Лёля (именно так называли уже тогда Свитличную) мужественно преодолевала все горные переходы, особенно лобовой штурм вершины Грегит неподалеку от Космача, без дороги, через лесоповал, когда постоянно приходилось переступать и переползать через огромные горизонтальные кругляки. 12 июля, на Петра и Павла, мы все были в космачской церкви, а службу тогда проводил будущий Патриарх Владимир Романюк. Я еще тогда не умел отличать шпиков от обычных людей, но из разговоров знал, что они есть. Были они и в Коломые, где наши пути расходились. Помню, как мой отец завел Ивана Свитличного и Ивана Русина к знакомым — в семью Лобода, — где был клондайк запрещенной тогда литературы: Грушевский, Кубиёвич, «Літературно-наукові вісники»... Вечером киевские гости сели в поезд на Львов, а мы вернулись в Яремчу. А перед Львовом люди в гражданском решили проверить содержимое рюкзаков обоих Иванов и изъяли часть книг.

Очевидно, впечатления от недельного похода по Карпатам в таком изысканном обществе не были напрасными. На втором курсе, будучи студентом Дрогобычского пединститута, я защитил курсовую работу, посвященную сравнительному анализу украинских и русских переводов Беранже, отмеченную позднее на межвузовской студенческой конференции во Львовском университете.

Я все эти годы не знал, что девичья фамилия Свитличной — Терещенко. И вот где-то в начале ноября прошлого года мы с женой решили проведать Леониду Павловну. Полтора часа промелькнули словно мгновение. Она рассказывала о своей семье, тетке-монахине Фроловского монастыря, об их жизни в этом монастыре на Подоле. Самым ярким воспоминанием ее жизни, как она нам сказала, был переход от Байкового кладбища до Фроловского монастыря по обезлюдевшему городу, когда со всех сторон смотрели на них темные глазницы выбитых окон. Шла осень 1943 года. Киев был оккупирован немцами, которые выгоняли остатки населения из города. Поэтому некоторое время семейство Терещенко скрывалось в одной из гробниц на Байковом кладбище. Думалось ли тогда пани Лёле, что последний свой покой она найдет вместе с мужем на этом же кладбище?

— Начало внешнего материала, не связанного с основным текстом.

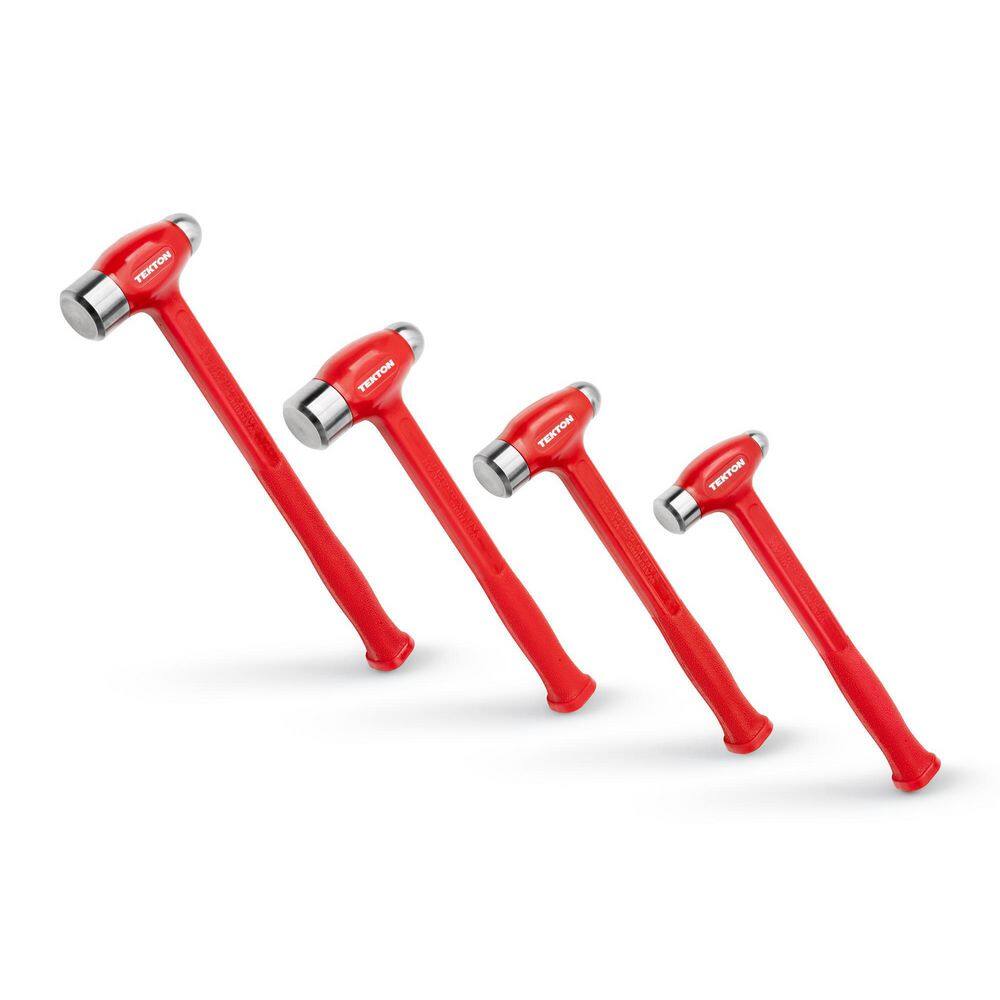 TEKTON HDB95001 26 oz..36 oz..47 oz..50 oz. Ball Peen Dead Blow Hammer Set (4-Piece)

При последней встрече Леонида Свитличная говорила нам, что использует каждое мгновение светового дня для приведения в порядок наследия Ивана Свитличного, поскольку зрение не позволяет ей работать при лампе. И уже подходила к концу робота над вторым томом писем.

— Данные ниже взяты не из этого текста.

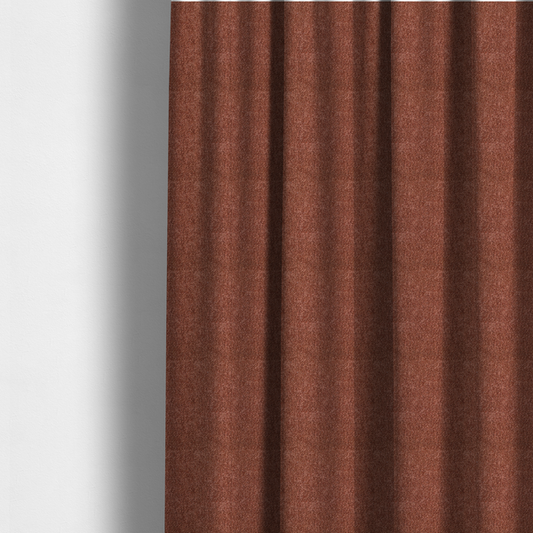 Natland Boucle Chenille Textured In Burnt Orange Colour Upholstery Fabric CTR-2900 - Made To Measure Curtains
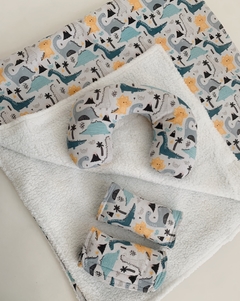 Set Mantita, Cubre Cinturón y Cuellito - comprar online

Леонида Свитличная вспоминала и свои поездки в лагерь к мужу. Бывало, по пути туда или оттуда заезжала к друзьям во Львов, причем на один и тот же билет. Этим способом, как она нам объяснила, можно было пользоваться в течение трех дней. А в условиях постоянной нехватки денег, значительной изоляции и частых поездок по просторам «необъятной» такие заезды были глотком свежего воздуха.

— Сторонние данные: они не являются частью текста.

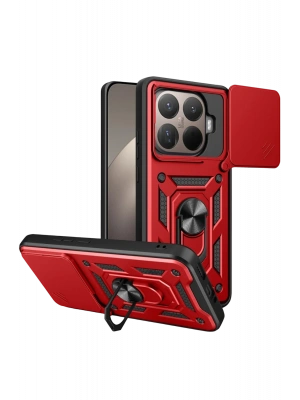 Newface Xiaomi Mi 15T Pro Pars Lens Yüzüklü Silikon - Kırmızı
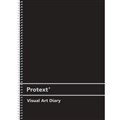 DIARY VISUAL ART PROTEXT NB5015 A4 110GSM 120PG BLACK PP COVER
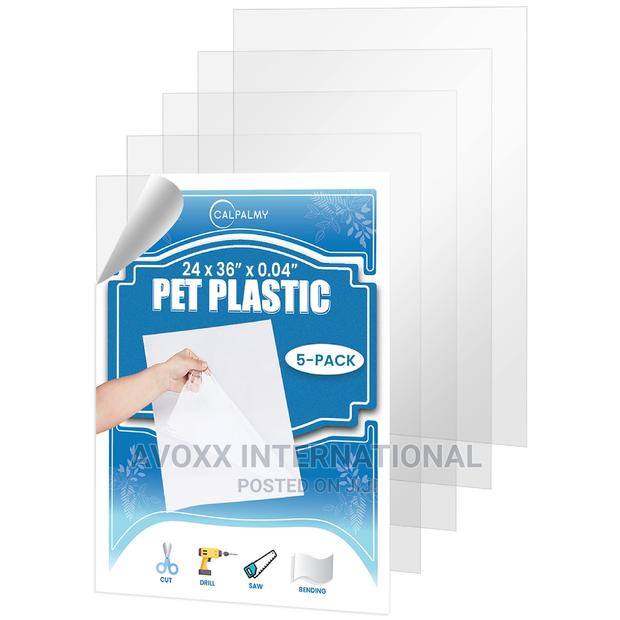 Packs of 24x36x0.03’’ PET/Plexiglass Panels Unbreakable · Photo 2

А еще Леонида Павловна рассказала, что у нее хранится запись голоса Василя Симоненко, когда он на квартире Свитличних читал свои стихи. Сделал запись Иван Алексеевич. Поскольку в начале 60-х годов магнитофоны были редкостью, едва ли осталось много частных записей голоса поэта. Когда я спросил ее, где эта пленка, пани Лёля ответила, что в другой комнате, заполненной книгами и бумагами, но не помнит, в каком именно месте хранится запись.

Кстати, кипы книг, аккуратно прикрытые какой-то тканью, стояли и в коридоре. Свитличная сказала, что эти книги, случается, служат ей своеобразной опорой, когда она идет на кухню или к входной двери.

Из последней встречи запомнился эпизод с телефоном. Когда она понесла на ремонт аппарат, телефонист разобрал его, починил, затем очень внимательно посмотрел на Свитличную, положил ей на ладонь «жучок» и сказал: «Теперь будет хорошо слышно». Это подслушивающее устройство пролежало там, видимо, не одно десятилетие.

Вспомнила Леонида Свитличная и о походе 1968 года. Ей я запомнился мальчиком, а теперь, мол, это мужчина с седеющими волосами...

Я поинтересовался у пани Лёли, пишет ли она воспоминания. Оказалось, что руки не доходят. Когда мы прощались, спросил, можно ли как-то зайти с микрофоном и записать ее воспоминания. Она, разумеется, согласилась. Но за повседневными хлопотами я, к величайшему сожалению, не успел этого сделать.